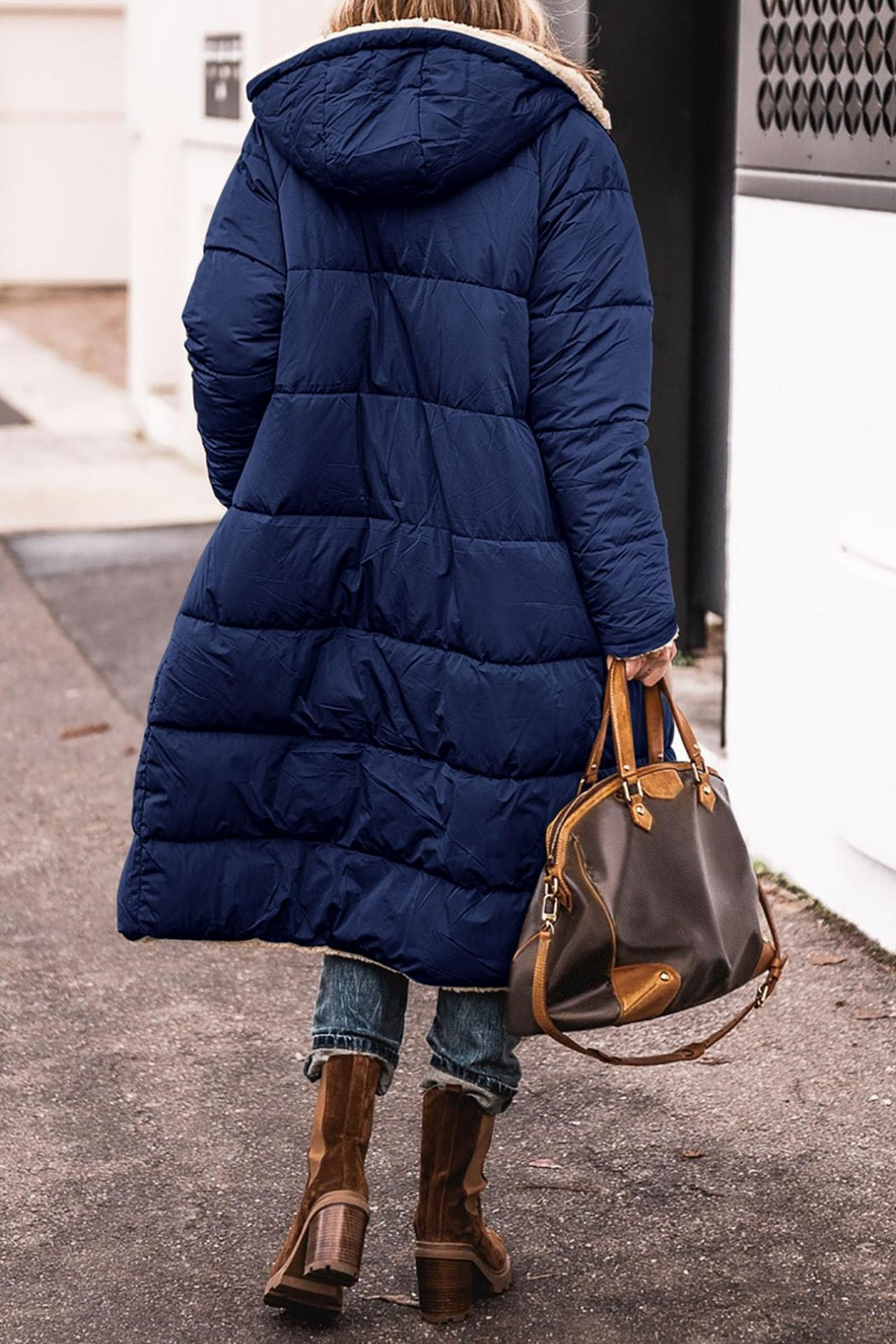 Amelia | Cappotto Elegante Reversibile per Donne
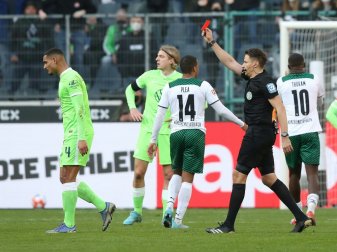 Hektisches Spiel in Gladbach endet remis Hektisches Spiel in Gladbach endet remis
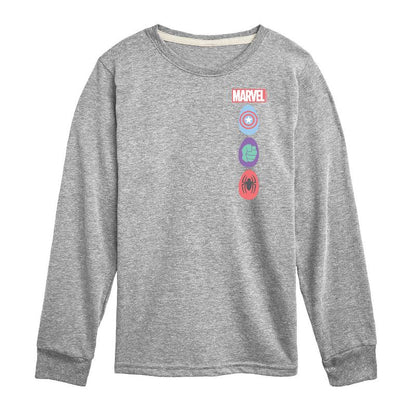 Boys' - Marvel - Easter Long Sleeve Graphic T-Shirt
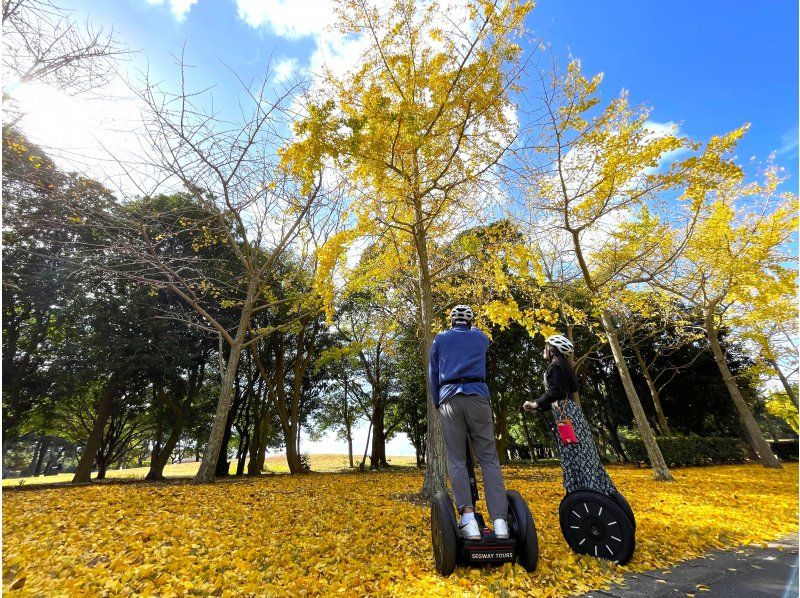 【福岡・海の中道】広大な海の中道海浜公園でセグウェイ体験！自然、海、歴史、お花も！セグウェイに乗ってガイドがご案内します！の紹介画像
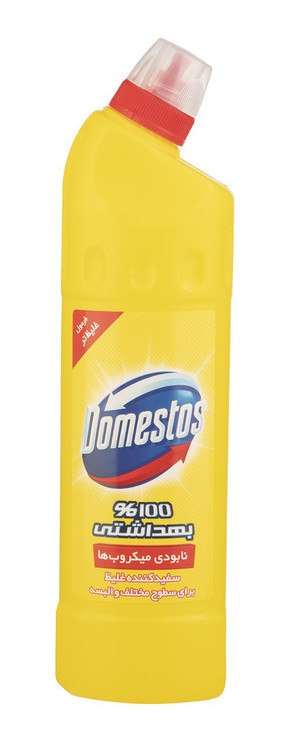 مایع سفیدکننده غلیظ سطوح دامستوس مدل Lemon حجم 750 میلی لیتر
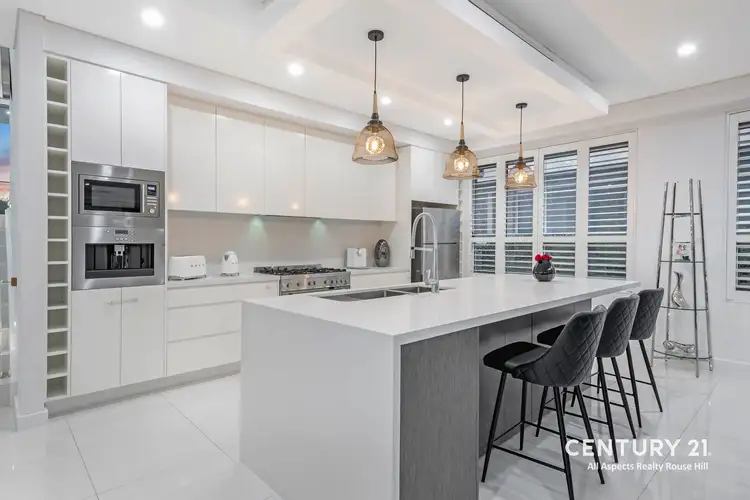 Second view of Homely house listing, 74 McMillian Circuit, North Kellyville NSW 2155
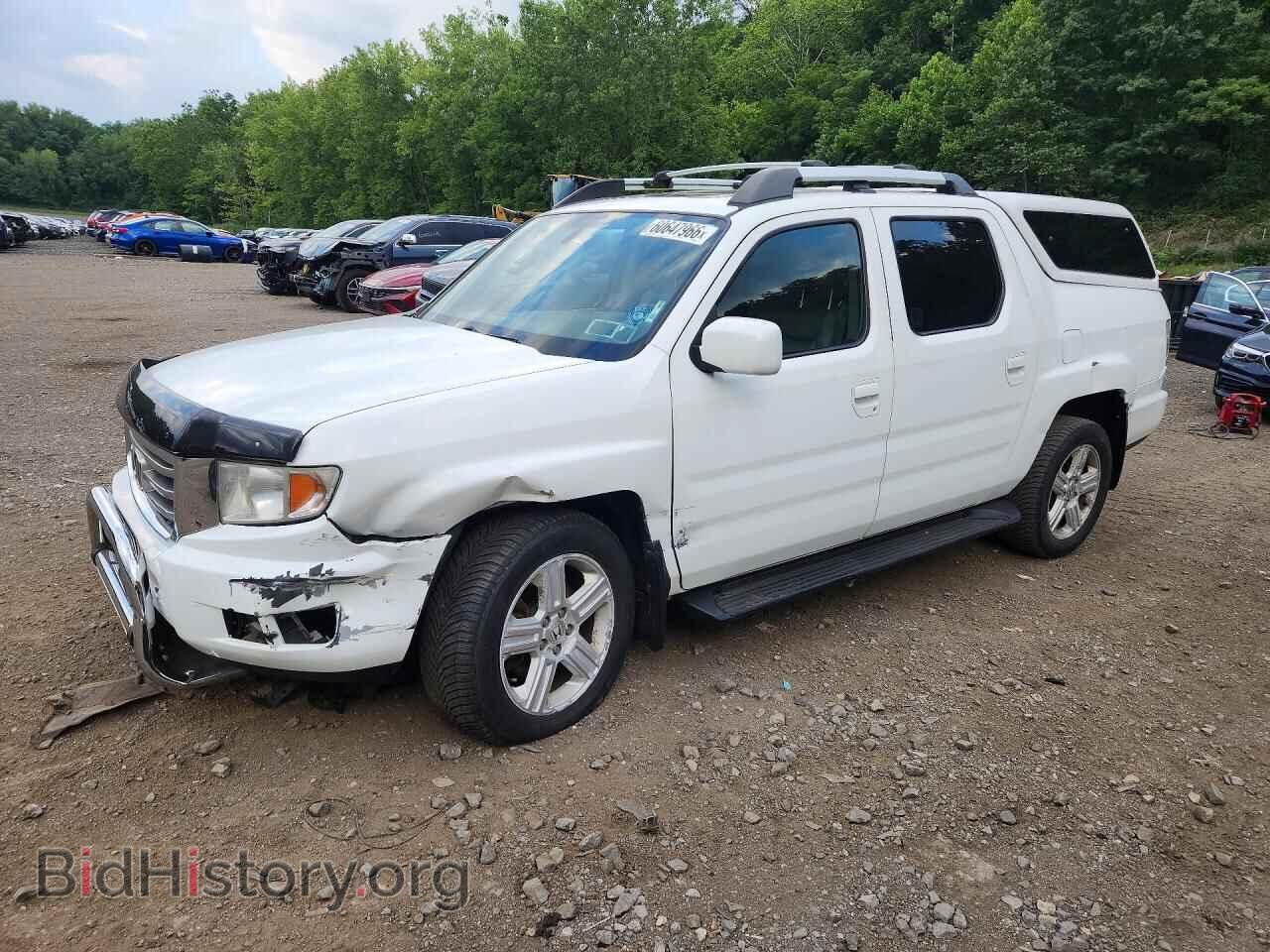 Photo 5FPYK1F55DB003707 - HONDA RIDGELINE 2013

-------

:: Your instructions ::
Please output each line above exactly and omit all images.

:: Result ::
 Amelia | Cappotto Elegante Reversibile per Donne
 Hektisches Spiel in Gladbach endet remis Hektisches Spiel in Gladbach endet remis
 Boys' - Marvel - Easter Long Sleeve Graphic T-Shirt
 【福岡・海の中道】広大な海の中道海浜公園でセグウェイ体験！自然、海、歴史、お花も！セグウェイに乗ってガイドがご案内します！の紹介画像
 مایع سفیدکننده غلیظ سطوح دامستوس مدل Lemon حجم 750 میلی لیتر
 Second view of Homely house listing, 74 McMillian Circuit, North Kellyville NSW 2155
 Photo 5FPYK1F55DB003707 - HONDA RIDGELINE 2013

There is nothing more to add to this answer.